Question 9539 — Regarding Outage Calculations: Using category 3.3.1 as an example, the TL 9000 measurements handbook says a partial outage is recognized when there is a loss of 5% or more of provisioned capacity. Outage Downtime calculation begins at this time. Does outage downtime end when the loss of provisioned capacity drops less than 5% or when the system is 100% restored (0%)?

Answer — The information in Table A-3 defines events that are to be reported as a partial outage. Once the event exhibits one or more of the conditions it is reportable in the Network Element Outage measurement. Outage downtime continues until the event is over when all functional capability is restored to the network element. (100% functionality restored).

Question 12561 — I am a service-provider employee responsible for working with our suppliers to measure performance and develop reliability improvement initiatives. We have established a supplier report card using many of the standard TL 9000 measurements to measure supplier performance.

I have a question on the counting rules for Partial impact outages. We are seeing a number of outages where a portion of the outage is below the TL 9000 5% provisioned capacity impact threshold and the balance of the outage is above it. As an example, we recently had an outage that was 943 minutes in duration. The first 937 minutes of the event had a 4% impact to capacity and the last 6 minutes had a 14% impact.

How should we be treating these outages when calculating the partial impact duration? Do we disregard the portion of the outage that is below the 5% threshold, or since a portion of the event was above the threshold, weight the duration for each portion of the outage by its impact and sum the weighted durations for an overall impact?

Answer — Per the rules for the SONE measure, only the time after the 5% threshold was reached would be counted as a partial impact outage. The time where the impact was below the 5% threshold would not be counted in SONE. The entire time would be counted in the SO service impact measure as there is no minimum customer impact floor for that measure. SO does not include any loss of NE functionality other than customer traffic while SONE includes loss of OA&M, alarms, and other non-traffic related capabilities. These differences are why the two outage measurements are included in the TL 9000 measurement set.
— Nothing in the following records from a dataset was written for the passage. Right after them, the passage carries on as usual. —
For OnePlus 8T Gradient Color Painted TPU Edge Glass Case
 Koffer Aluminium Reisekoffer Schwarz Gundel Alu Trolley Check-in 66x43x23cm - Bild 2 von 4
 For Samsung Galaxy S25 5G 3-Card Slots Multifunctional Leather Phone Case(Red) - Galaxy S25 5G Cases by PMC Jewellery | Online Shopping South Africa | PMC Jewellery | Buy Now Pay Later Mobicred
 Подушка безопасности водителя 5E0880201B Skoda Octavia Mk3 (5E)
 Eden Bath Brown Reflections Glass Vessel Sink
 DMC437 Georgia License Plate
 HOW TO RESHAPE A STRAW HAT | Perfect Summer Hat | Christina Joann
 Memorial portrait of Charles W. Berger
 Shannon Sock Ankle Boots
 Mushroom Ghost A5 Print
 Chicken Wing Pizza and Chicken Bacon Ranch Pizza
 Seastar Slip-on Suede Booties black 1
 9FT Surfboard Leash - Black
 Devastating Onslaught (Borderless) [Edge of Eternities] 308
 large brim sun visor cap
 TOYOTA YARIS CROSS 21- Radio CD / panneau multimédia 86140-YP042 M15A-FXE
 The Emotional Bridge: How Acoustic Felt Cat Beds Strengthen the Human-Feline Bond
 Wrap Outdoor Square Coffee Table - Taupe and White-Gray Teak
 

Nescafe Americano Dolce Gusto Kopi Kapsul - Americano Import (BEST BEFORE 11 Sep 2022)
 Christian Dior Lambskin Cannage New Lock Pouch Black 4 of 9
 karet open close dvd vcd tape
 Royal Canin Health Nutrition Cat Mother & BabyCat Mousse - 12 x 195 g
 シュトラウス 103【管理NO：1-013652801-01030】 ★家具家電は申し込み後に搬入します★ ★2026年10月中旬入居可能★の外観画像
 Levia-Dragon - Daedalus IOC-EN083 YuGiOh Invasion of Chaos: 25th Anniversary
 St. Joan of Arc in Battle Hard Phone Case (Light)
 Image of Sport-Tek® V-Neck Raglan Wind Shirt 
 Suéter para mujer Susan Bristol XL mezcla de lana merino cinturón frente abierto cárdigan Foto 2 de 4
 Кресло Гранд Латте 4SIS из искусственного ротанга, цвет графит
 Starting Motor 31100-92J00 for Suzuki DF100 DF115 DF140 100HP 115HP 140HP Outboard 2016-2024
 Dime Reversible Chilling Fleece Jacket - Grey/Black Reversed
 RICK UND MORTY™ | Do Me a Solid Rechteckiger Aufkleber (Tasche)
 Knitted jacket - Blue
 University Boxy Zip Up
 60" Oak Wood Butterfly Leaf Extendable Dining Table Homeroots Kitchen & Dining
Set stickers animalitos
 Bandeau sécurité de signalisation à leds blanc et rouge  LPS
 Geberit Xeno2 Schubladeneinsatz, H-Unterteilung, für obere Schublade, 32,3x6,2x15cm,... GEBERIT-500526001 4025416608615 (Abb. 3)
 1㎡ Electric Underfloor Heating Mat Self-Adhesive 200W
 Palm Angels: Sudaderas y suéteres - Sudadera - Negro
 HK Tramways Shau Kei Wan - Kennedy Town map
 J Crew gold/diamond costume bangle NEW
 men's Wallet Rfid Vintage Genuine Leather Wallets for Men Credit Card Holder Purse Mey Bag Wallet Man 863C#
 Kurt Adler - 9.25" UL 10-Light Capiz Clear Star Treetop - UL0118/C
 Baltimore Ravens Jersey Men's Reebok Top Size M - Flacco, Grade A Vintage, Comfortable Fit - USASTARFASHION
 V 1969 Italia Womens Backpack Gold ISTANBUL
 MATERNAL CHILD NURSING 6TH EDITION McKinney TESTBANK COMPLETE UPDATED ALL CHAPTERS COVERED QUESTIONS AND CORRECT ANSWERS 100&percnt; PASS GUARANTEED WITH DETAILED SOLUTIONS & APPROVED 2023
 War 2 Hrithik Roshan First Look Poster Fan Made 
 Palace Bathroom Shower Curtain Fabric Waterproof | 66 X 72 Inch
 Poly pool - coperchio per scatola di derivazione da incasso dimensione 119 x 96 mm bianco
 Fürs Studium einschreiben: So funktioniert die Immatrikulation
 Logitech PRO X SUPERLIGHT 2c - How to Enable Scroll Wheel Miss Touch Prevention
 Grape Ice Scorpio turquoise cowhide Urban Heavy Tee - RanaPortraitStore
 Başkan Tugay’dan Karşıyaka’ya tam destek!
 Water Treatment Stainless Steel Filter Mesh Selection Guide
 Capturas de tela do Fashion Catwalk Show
Question 13114 — I have a query regarding outage impact assessment on a partial outage on an MSC. The MSC in question supports both mobility traffic and gateway traffic (land-to-land). For simplicity sake, let us suppose that these call volumes are roughly equal (50-50). Let us suppose that there was a degradation in the system that affected only the mobility traffic. 25% of the mobility traffic was impacted. In such a scenario, our assessment is that the MSC had a 12.5% impact on a Nodal level (25% of 50% of the total traffic on the MSC). Can you please confirm that this is an accurate assessment of the impact?

Answer — Yes, this is an accurate assessment.